# ABOUT THIS EXERCISE
Set out word for word the line that contains "Jana Kautská with" and each line after it, through the end of the data below, but exclude the pictures.
***
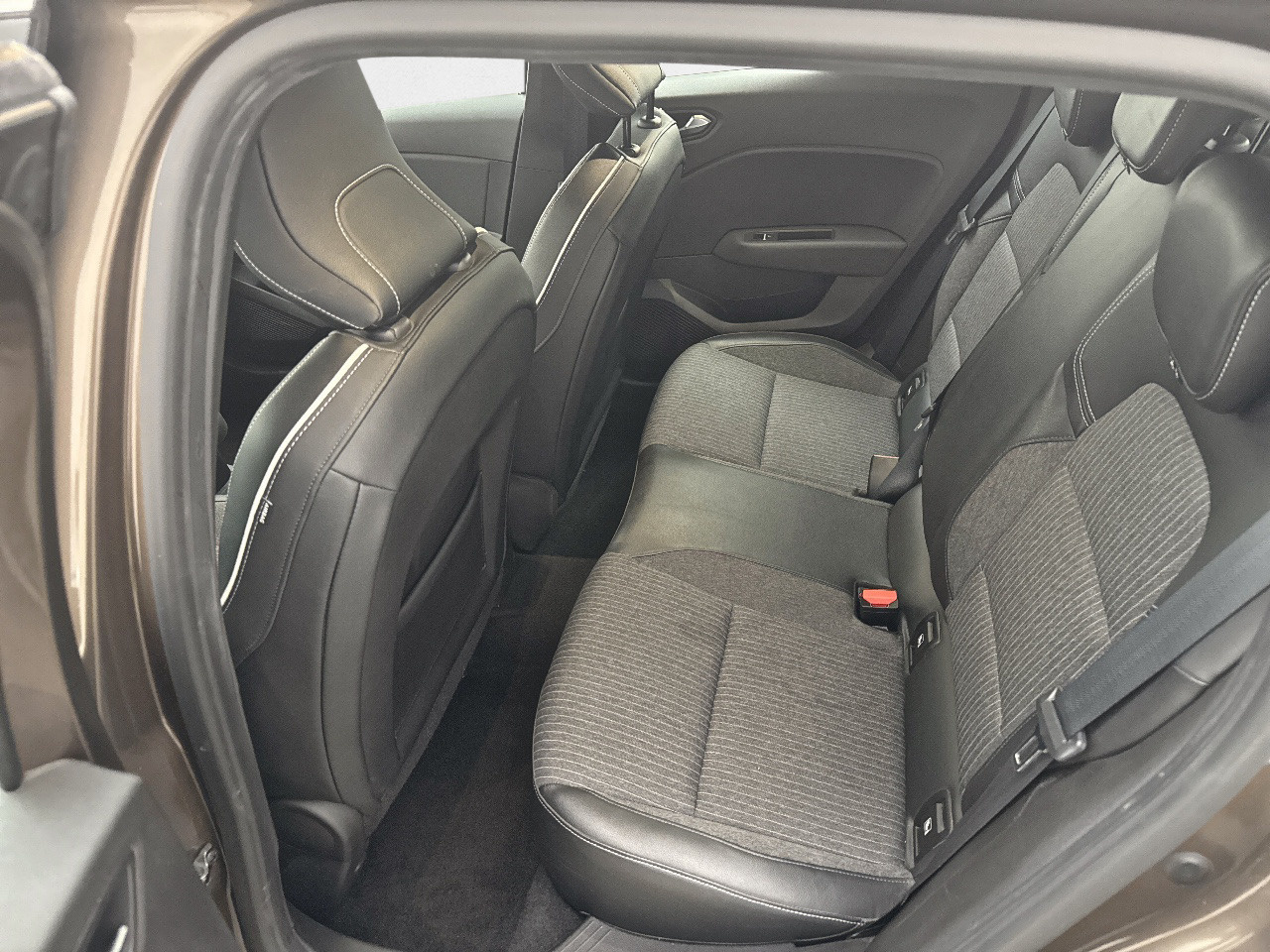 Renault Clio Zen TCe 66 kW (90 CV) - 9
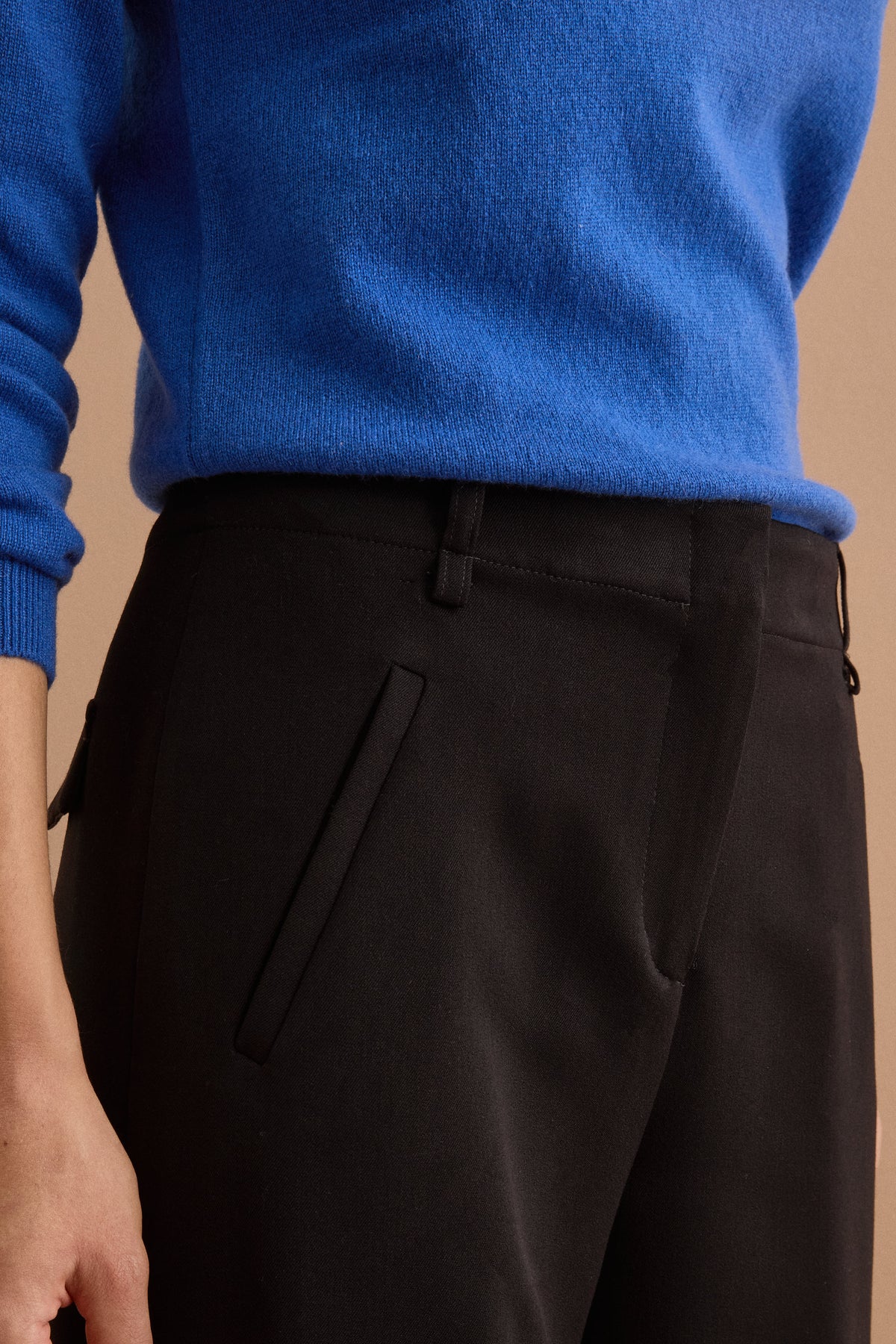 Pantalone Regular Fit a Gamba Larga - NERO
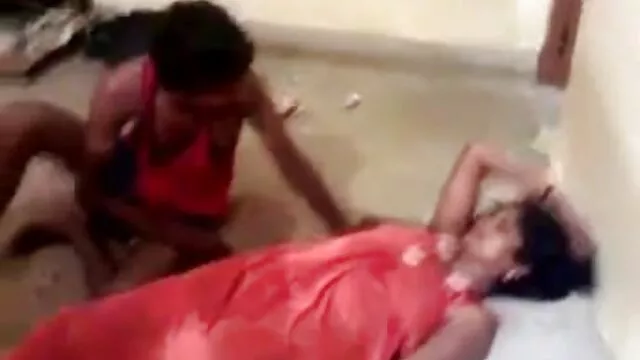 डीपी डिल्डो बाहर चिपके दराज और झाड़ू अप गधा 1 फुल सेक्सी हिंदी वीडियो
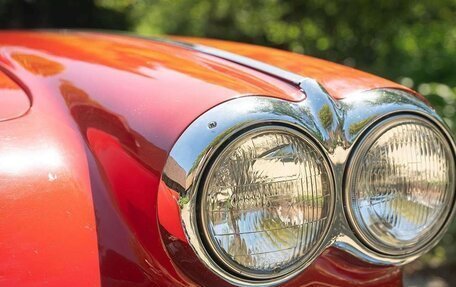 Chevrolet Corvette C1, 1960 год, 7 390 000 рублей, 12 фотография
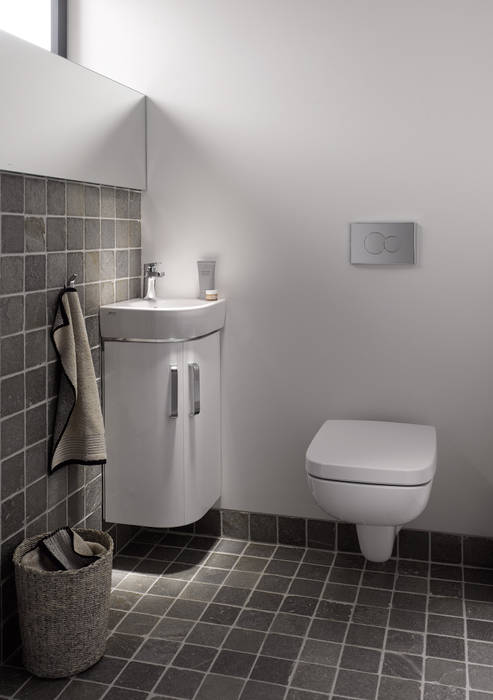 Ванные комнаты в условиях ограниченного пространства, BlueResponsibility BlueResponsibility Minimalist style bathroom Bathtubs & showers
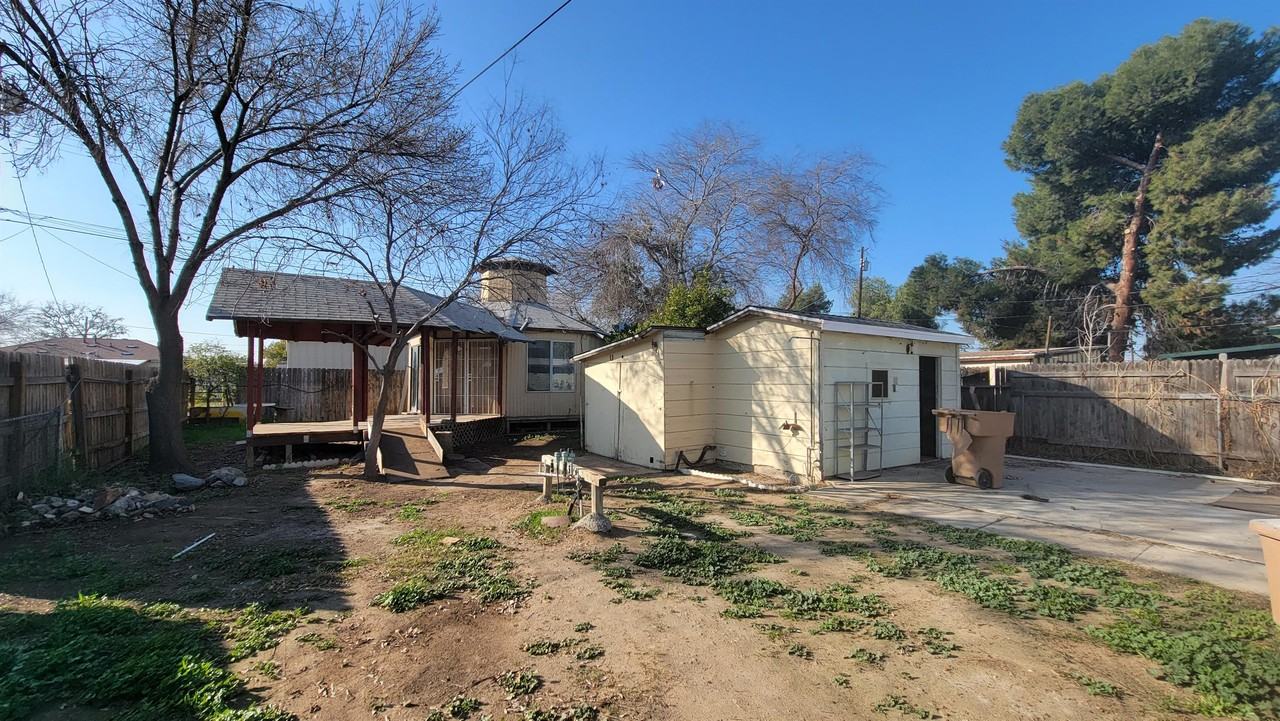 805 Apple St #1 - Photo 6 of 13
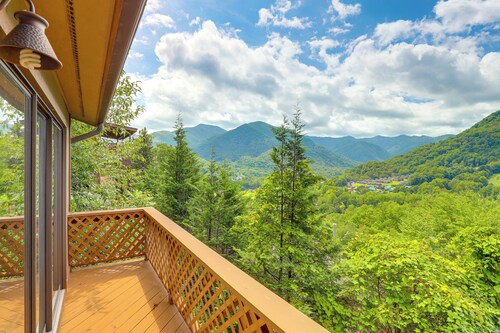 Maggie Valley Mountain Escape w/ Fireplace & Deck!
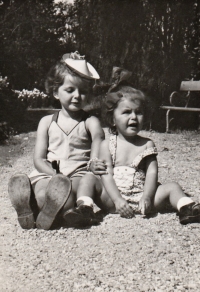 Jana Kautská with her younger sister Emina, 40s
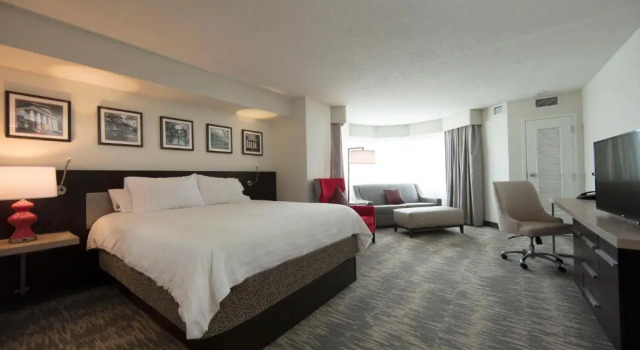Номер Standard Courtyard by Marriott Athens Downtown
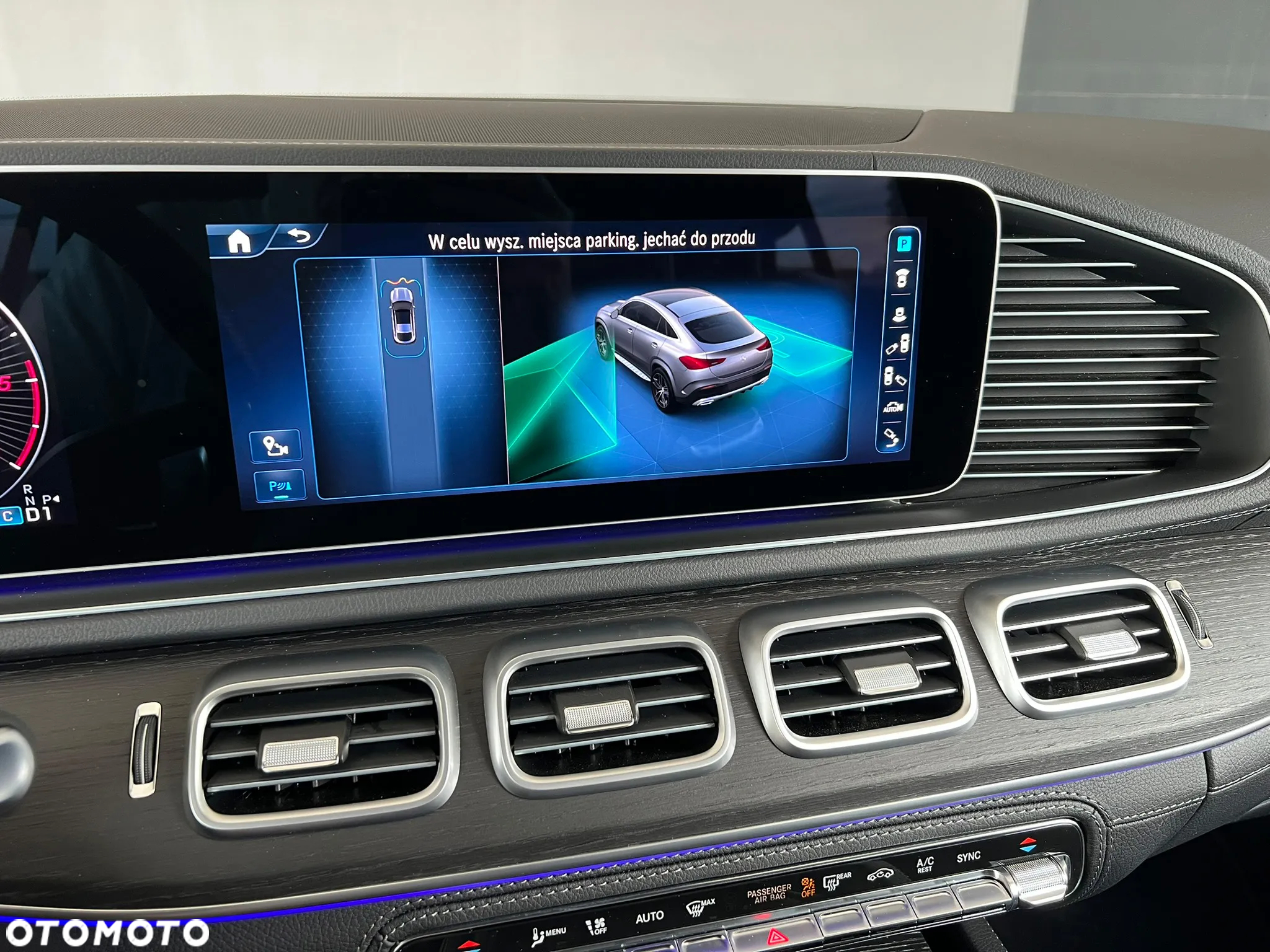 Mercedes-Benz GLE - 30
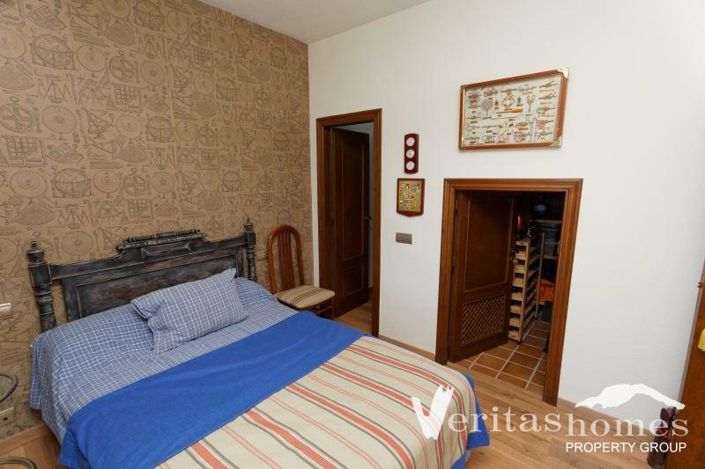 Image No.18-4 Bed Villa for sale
***
# YOUR RESPONSE
 Jana Kautská with her younger sister Emina, 40s
Номер Standard Courtyard by Marriott Athens Downtown
 Mercedes-Benz GLE - 30
 Image No.18-4 Bed Villa for sale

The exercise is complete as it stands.